I recently came across a blog about the problems that science teachers have. You'll find it at http://halljackson.blogspot.com/2008/09/interactive-labs.html.
"Science teachers have it tough. They have one of the most costly subjects in a school to teach, yet get a very small budget."Ms. Jackson is totally correct in this statement. If we all can assume that textbooks are a similar cost in all courses, then which courses have as much capital equipment and expendables/consumables? All right, which of those are required courses? You just have to come up with science.
Of course, science teachers reach out to free (and low cost) simulations. And, that's great!
A serious problem arises, however, when they substitute those simulations for lab experience.
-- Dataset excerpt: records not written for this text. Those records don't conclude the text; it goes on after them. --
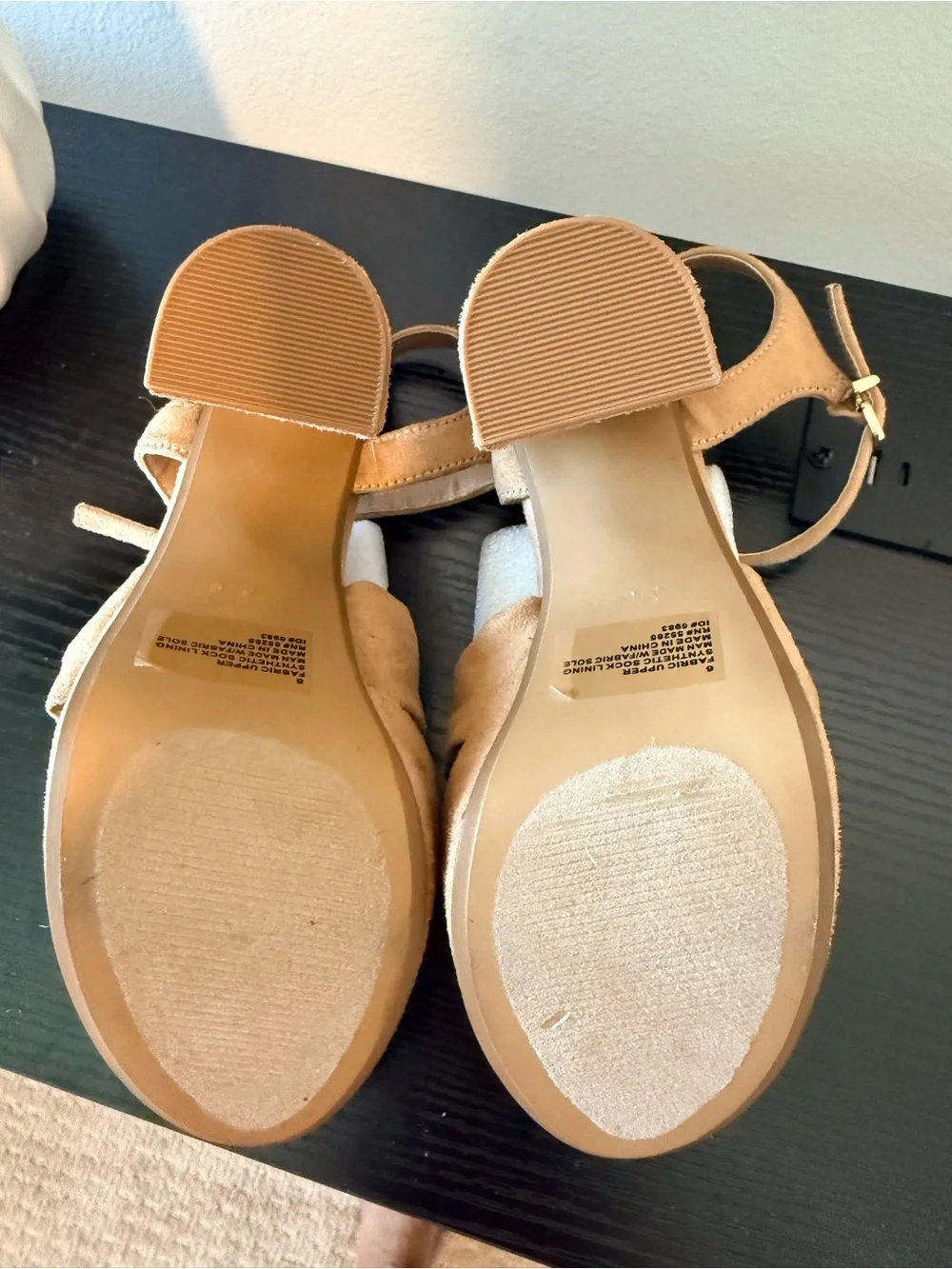 Express platform sandals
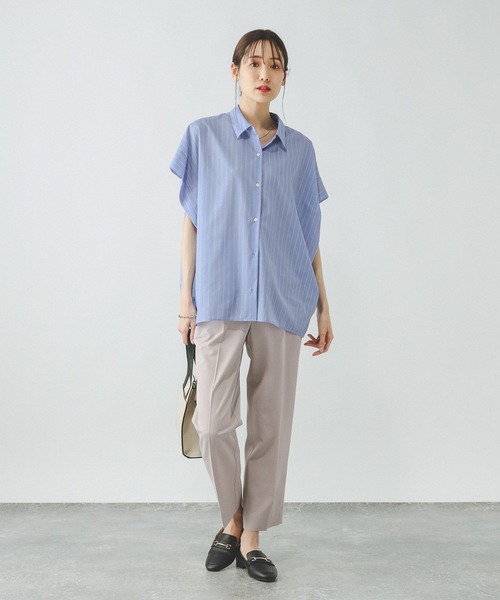 JUSGLITTY 黒　テーパードパンツ　新品 ウツクシルエットDRYプレミアムテーパードパンツTall/289088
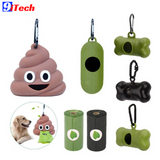 9itech Waste Bag Dispenser for Dog Waste Carrier Green Black Pet Supply Accessory Dog Cat Small Tools Poop Bag Holder
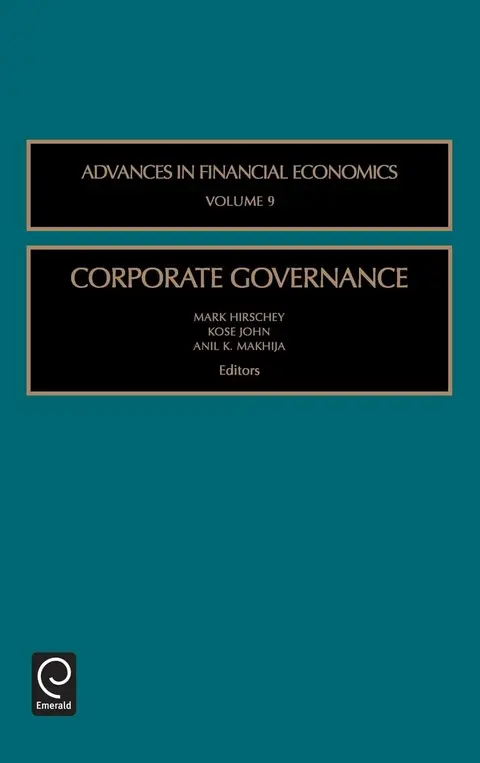 Cover of Corporate Governance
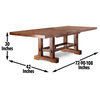 Zappa Dining Table With 2-18" Leaves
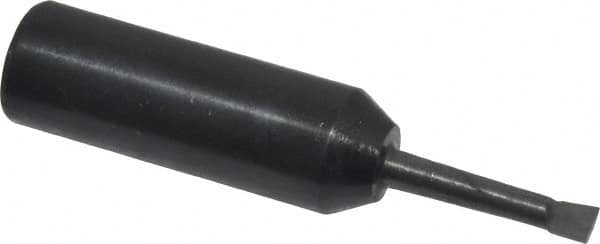 APT - 5/32" Min Bore Diam, 25/32" Max Bore Depth, 1/2 Shank Diam, Boring Bar - Right Hand Cut, Solid Carbide, Bright Finish - Exact Tooling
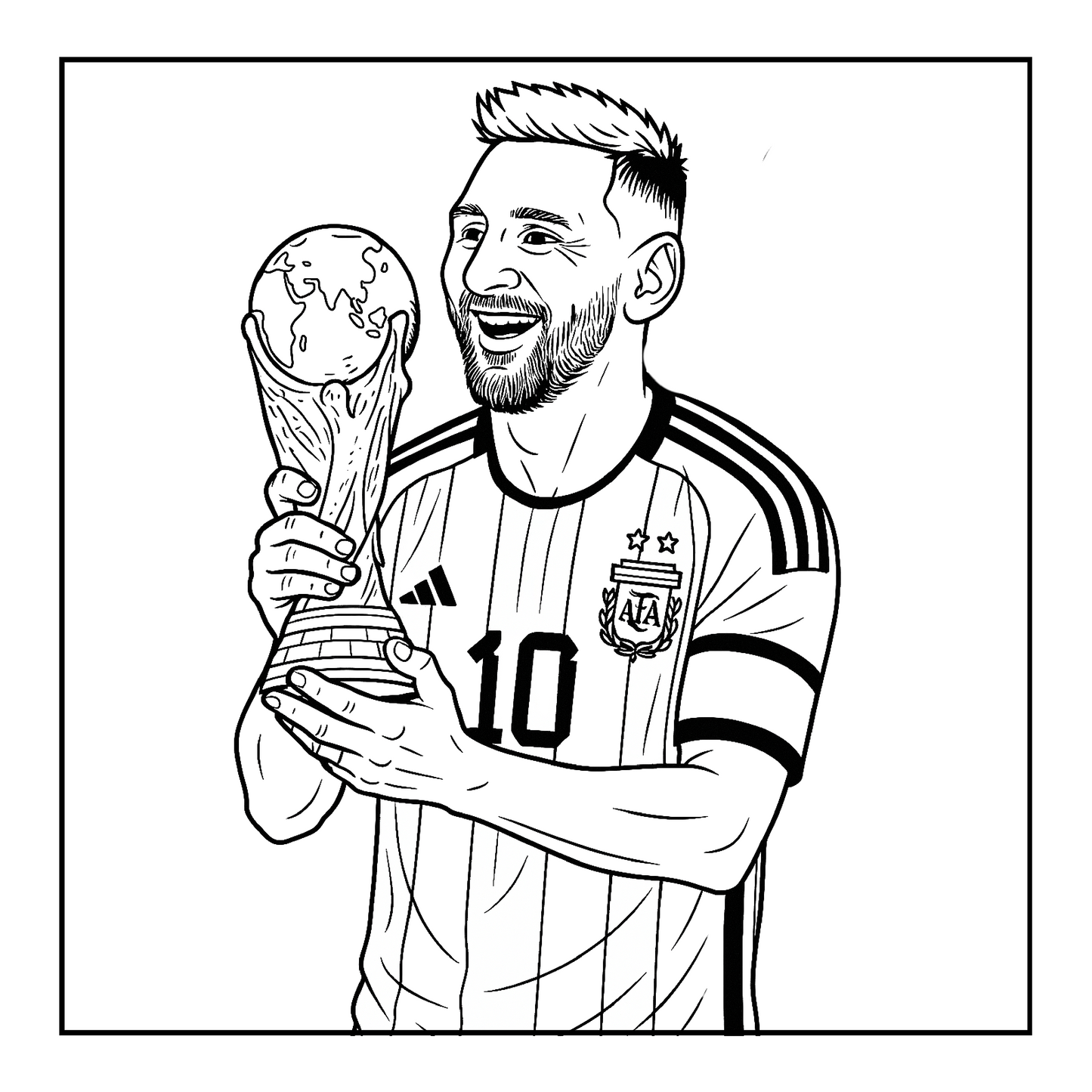 Messi Coloring Book | Soccer Legend Printable Pages for Fans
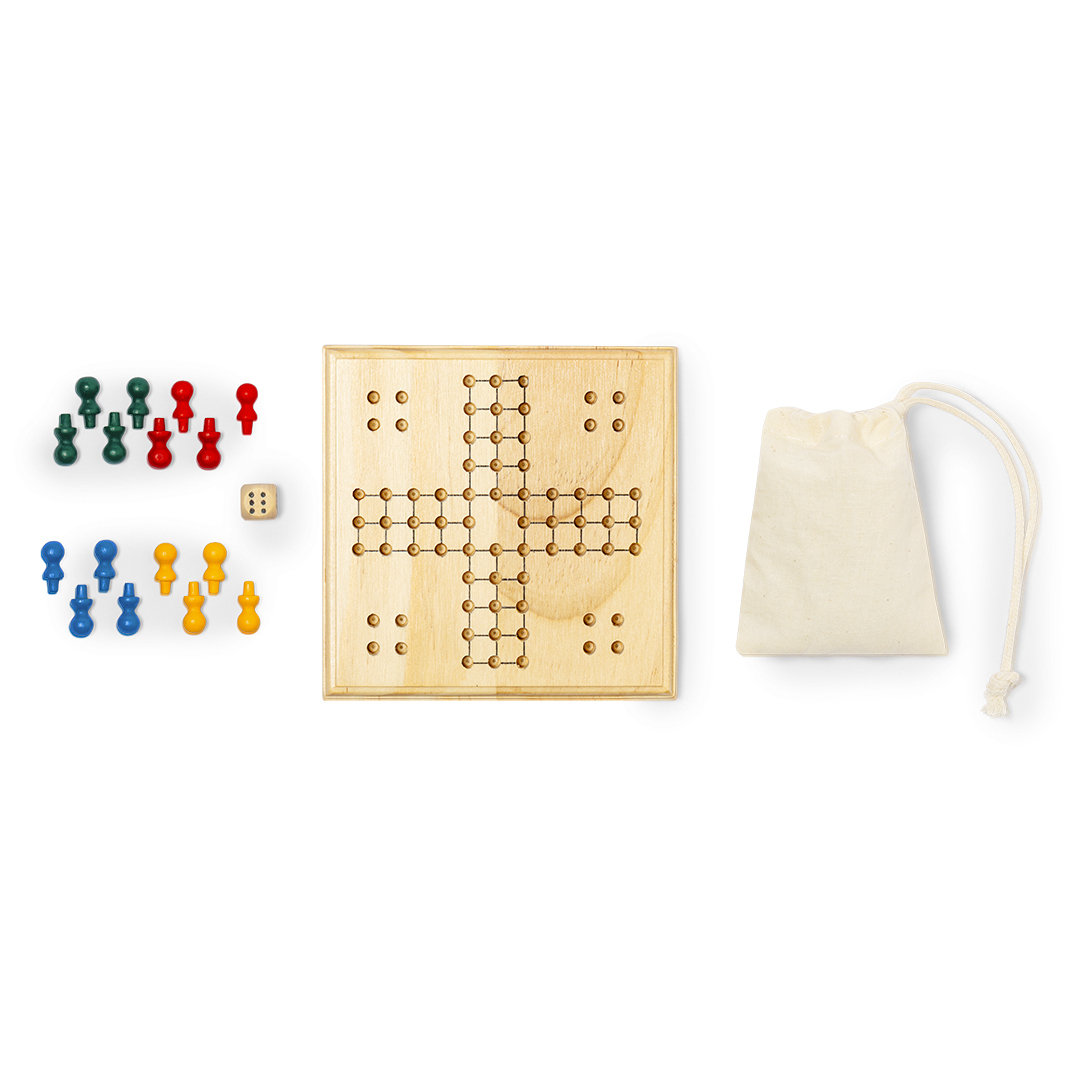 Houten Parchesi Spel - Vleteren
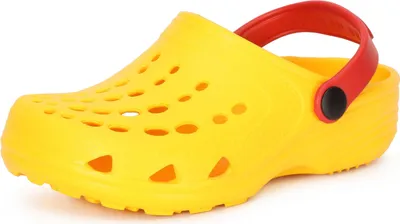 Produktbild von Ladeheid Kinder Mädchen Jungen Eva Clogs Gartenclogs Gartenschuhe LA-CA-06 (Gelb/Rot, 22/23 EU)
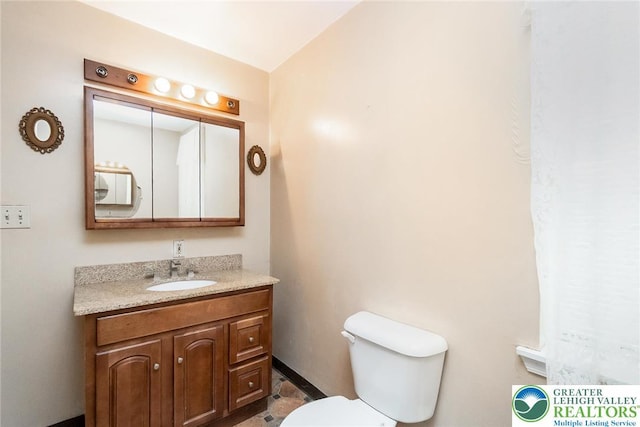 438 N 9th St, Allentown City, PA 18102 - bathroom featuring vanity and toilet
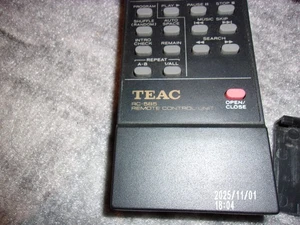 teag fernbedienung RC-585 CD player gebraucht - Bild 1 von 3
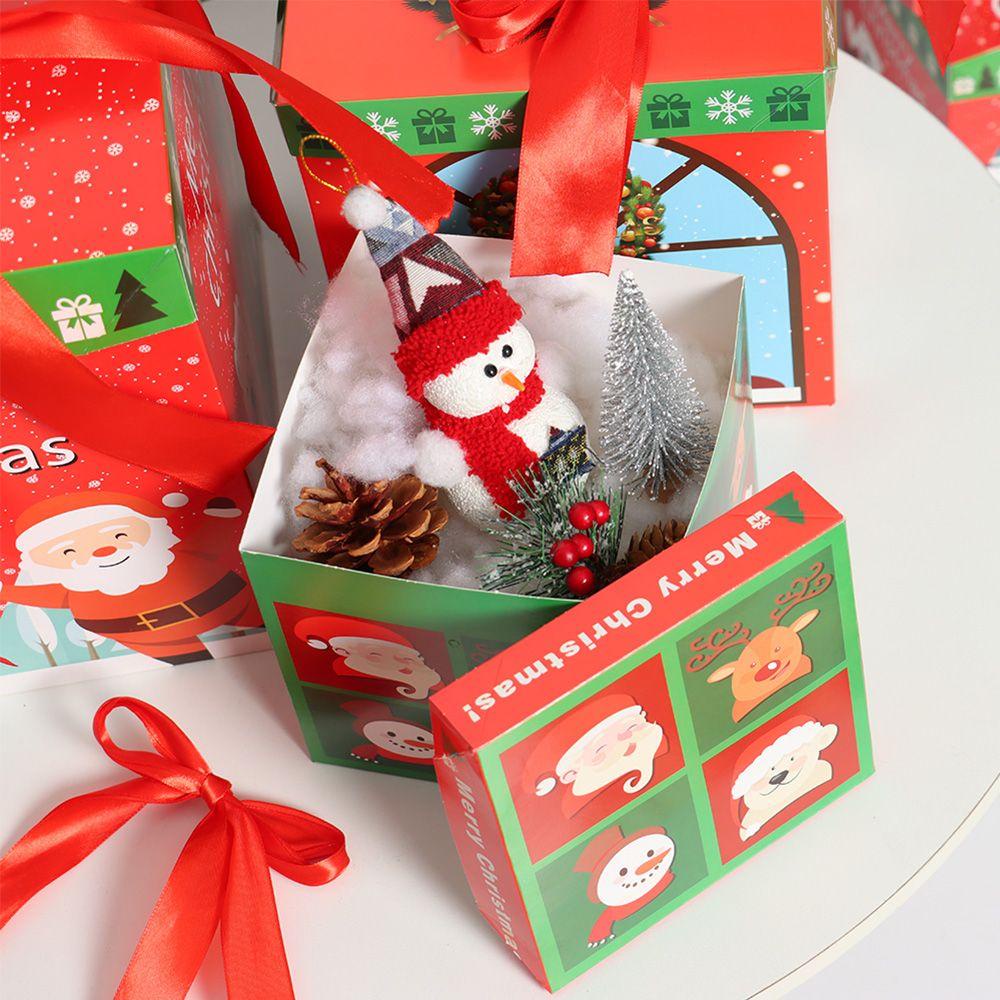 Set 3 Túi Giấy Đựng Kẹo Làm Quà Giáng Sinh / Năm Mới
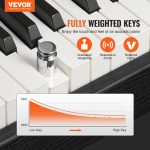 Vevor Digital Piano with Frame 88 Key Fully Weighted Dual Keyboard with 3 Pedals New - Image 2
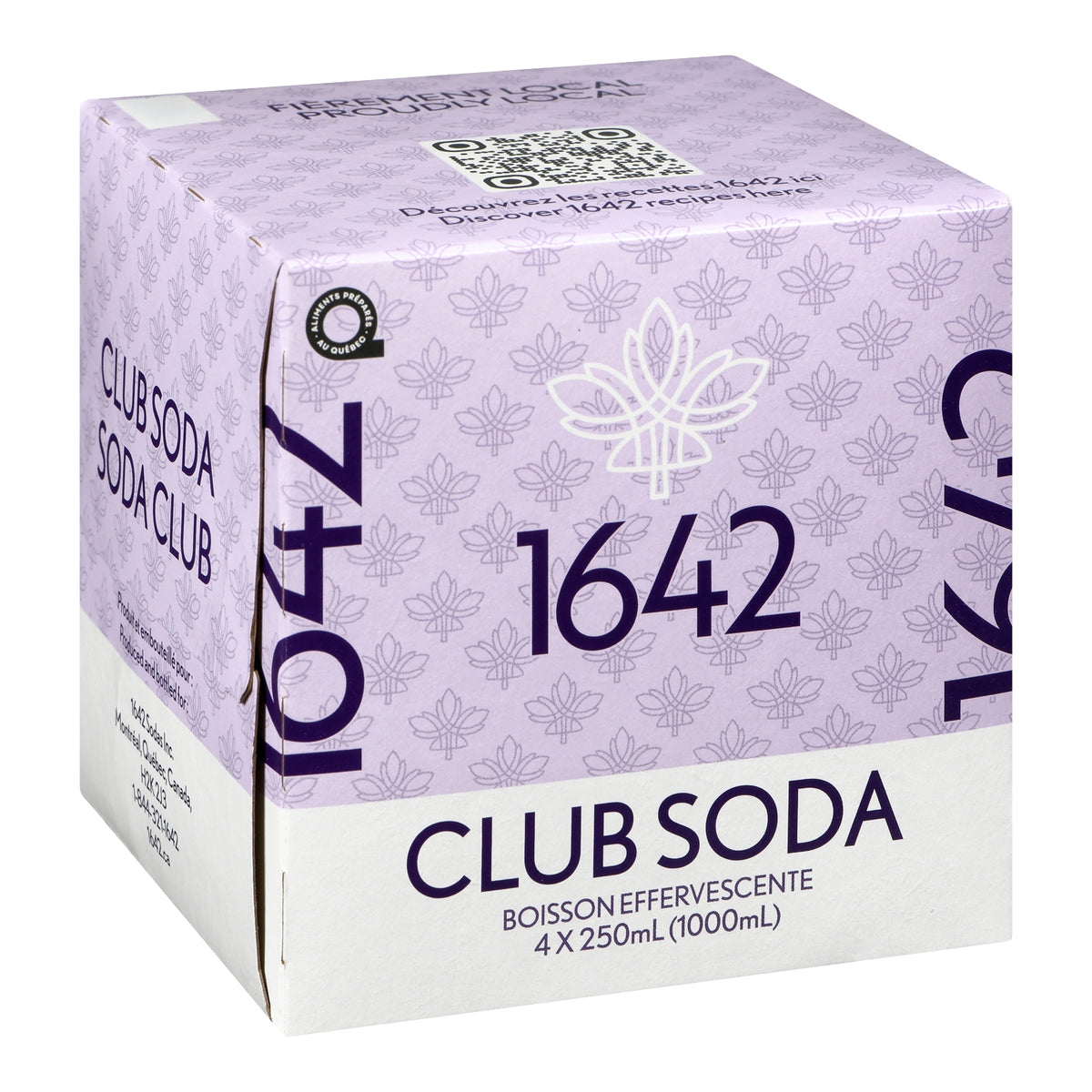 1642 Soda Club — emballage 4 x 250 ml, étiquette française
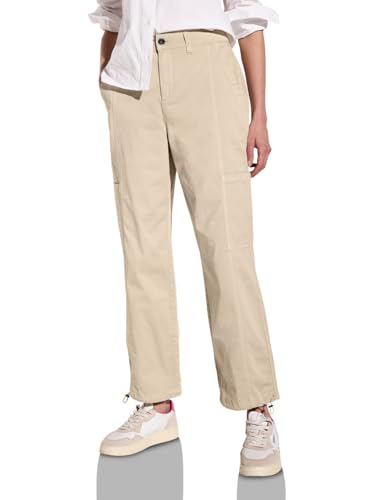 STREET ONE Damen A378879 Straight Leg Cargo Hose, Barley beige, 38W x 30L von STREET ONE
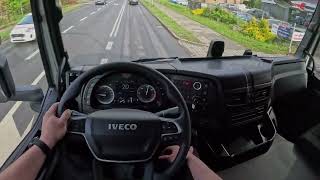 New Iveco SWay 2024 420hp POV test drive Binaural Audio [upl. by Rosemarie]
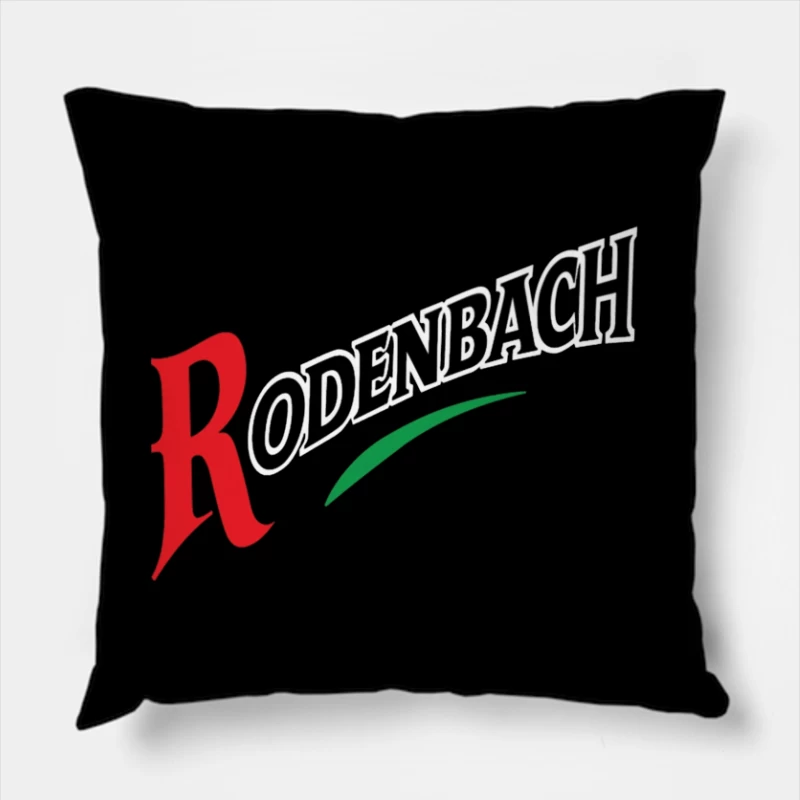 Rodenbach Beer Brand Logo Design Throw Pillow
Some of the key reasons for lab experiences in science classes are as follows.
- Understanding the nature of science.
- Developing scientific reasoning.
- Understanding the complexity and ambiguity of empirical work.
Really! Who cares if you can list the first twenty elements in the periodic table or recite the level of taxonomic classification or name the eons, eras, and epochs of geologic time? You can look that stuff up. The real question surrounds the use of this information. And, not just use but wise use.
The three goals above are from America's Lab Report. In that same report, the National Research Council states that the typical American student's lab experience is poor. Their reasons include the lack of meeting these goals among others. They point out that in order to be a science laboratory experience, an activity must use data from the "material world." Simulations do not.
These days, science teachers can find more and more options other than simulations to provide quality lab experience to their students. One such option, the Smart Science(R) core learning system, although not free, is inexpensive and meets all of the goals of America's Lab Report as well as its definition of a science laboratory experience. Students work with real experiments at a cost of pennies per experiment. By blending inexpensive and safe hands-on experiments with these prerecorded real experiments, our overtaxed science teachers can produce great science classes and have their students leave the class understanding what science is really all about. At the same time, they can demonstrate a cost savings to their department head or principal.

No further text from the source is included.